Friday, Nov. 19, 1965

School for a New Creation

Brother, Can You Spare a Dime? is more than a song title to the seminarians and ministers at Chicago's Urban Training Center for Christian Mission. Shortly after they enroll, they take "the plunge." They are sent out with just $8, to live and work for four days in the slums surrounding the center's headquarters on Ashland Avenue. "It's sort of shock treatment," explains the center's director, Episcopal Father James P. Morton. "It puts them in situations where they're forced to listen instead of spouting, as they're used to doing. Scales fall from their eyes."

Plucking scales from churchly eyes is the primary mission of the center, which has earned a reputation as one of the liveliest and most provocative missionary experiments in the U.S. Last month the Ford Foundation paid tribute to its effectiveness with a grant of $600,000, which will be used to set up a new fellowship program for ministers, many of them Negroes from storefront churches of small sects.

God Here & Now. United to Christ, said St. Paul, man becomes "a new creation." The theory behind the center is that the modern city represents a contemporary kind of new creation in which God is acting here and now--and that organized Christianity is ill-prepared to perceive his presence. To give ministers a firsthand knowledge of the inner city's secular forces, the National Council of Churches in 1962 proposed setting up an experimental school. Last fall the center began operations in the parish house of the First Congregational Church, supported by gifts from eleven Protestant churches and grants from several foundations, including the Rockefeller Brothers' Sealantic Fund.

Ministers can spend from one month to two years at the center dividing their time between involvement and reflection. After the plunge, students spend most of their time working with factory labor, civil rights groups and such community organizations as South Chicago's Woodlawn project. "What we're trying to say to our trainees," says the Rev. J. Archie Hargraves of the center, "is 'look at the real conditions in the city.' " The students also meet for seminars, Bible in hand, trying to relate their experience to their faith as Christians. "We're throwing these guys into new situations which they've got to interpret theologically," says Lutheran Theologian Richard Luecke. "The problem is how to use an ancient text like the Bible in unparalleled new situations. This is what the seminaries can't do."

Servant With a Song. Whether the center can do it any better remains unproved. Some church leaders are critical of what seems to be its blithe as sumption that God endorses everything about the Negro freedom movement, from Martin Luther King's S.C.L.C. to LeRoi Jones (last spring the center's entire staff and student body dropped everything to march at Selma). Moreover, while its 127 trainees have unquestionably been shaken by their experience there, some questions about the center's relevance remain: not all ministers are summoned to be worker-priests, and there is a vital spiritual life in plenty of conventional parishes.
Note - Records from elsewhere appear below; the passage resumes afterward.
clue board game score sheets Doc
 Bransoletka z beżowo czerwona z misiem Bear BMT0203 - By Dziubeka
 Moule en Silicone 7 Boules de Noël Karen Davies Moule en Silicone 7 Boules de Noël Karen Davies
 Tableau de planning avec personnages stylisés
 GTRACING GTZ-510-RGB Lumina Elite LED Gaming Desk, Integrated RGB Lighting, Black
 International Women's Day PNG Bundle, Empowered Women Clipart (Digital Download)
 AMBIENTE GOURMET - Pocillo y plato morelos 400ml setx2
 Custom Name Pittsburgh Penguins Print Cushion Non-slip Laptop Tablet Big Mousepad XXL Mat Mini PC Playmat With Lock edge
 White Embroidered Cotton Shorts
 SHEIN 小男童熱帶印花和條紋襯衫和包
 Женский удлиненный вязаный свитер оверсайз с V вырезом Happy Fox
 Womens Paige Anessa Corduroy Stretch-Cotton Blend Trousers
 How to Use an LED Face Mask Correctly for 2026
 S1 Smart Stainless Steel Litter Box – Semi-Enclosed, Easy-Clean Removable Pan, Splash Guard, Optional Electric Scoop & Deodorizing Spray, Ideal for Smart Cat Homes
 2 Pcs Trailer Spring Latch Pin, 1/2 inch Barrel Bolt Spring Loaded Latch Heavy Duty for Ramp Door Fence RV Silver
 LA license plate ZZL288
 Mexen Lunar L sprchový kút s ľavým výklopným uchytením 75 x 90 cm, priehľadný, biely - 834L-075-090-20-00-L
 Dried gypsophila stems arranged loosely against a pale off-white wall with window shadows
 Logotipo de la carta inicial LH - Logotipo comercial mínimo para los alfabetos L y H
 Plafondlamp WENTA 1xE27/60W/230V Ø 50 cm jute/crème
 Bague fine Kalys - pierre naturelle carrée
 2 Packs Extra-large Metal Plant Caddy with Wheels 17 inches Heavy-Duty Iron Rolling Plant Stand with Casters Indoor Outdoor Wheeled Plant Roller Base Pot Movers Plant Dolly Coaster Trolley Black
Perhaps the most serious question asked of the center is whether its concentration on a worldly, activist Christianity sacrifices the church's eschatological message for the sake of achieving a goal that might be more efficiently accomplished by secular social workers. Although they concede that they still have more questions than answers about the center's role in a changing society, its directors think that the church does provide something that government cannot: a unique vision of man's right relationship to man under God.

"The church may be a servant," says Morton, who studied theology at Cambridge University and once served on a team ministry along the Jersey City waterfront, "but she is always a servant with a song. The church is present in any place to witness to the truth of the Gospel in that situation. Out of ten agencies at work on some problem, one should be in there with a certain levity, a sense of abandon. That would be the group of Christians."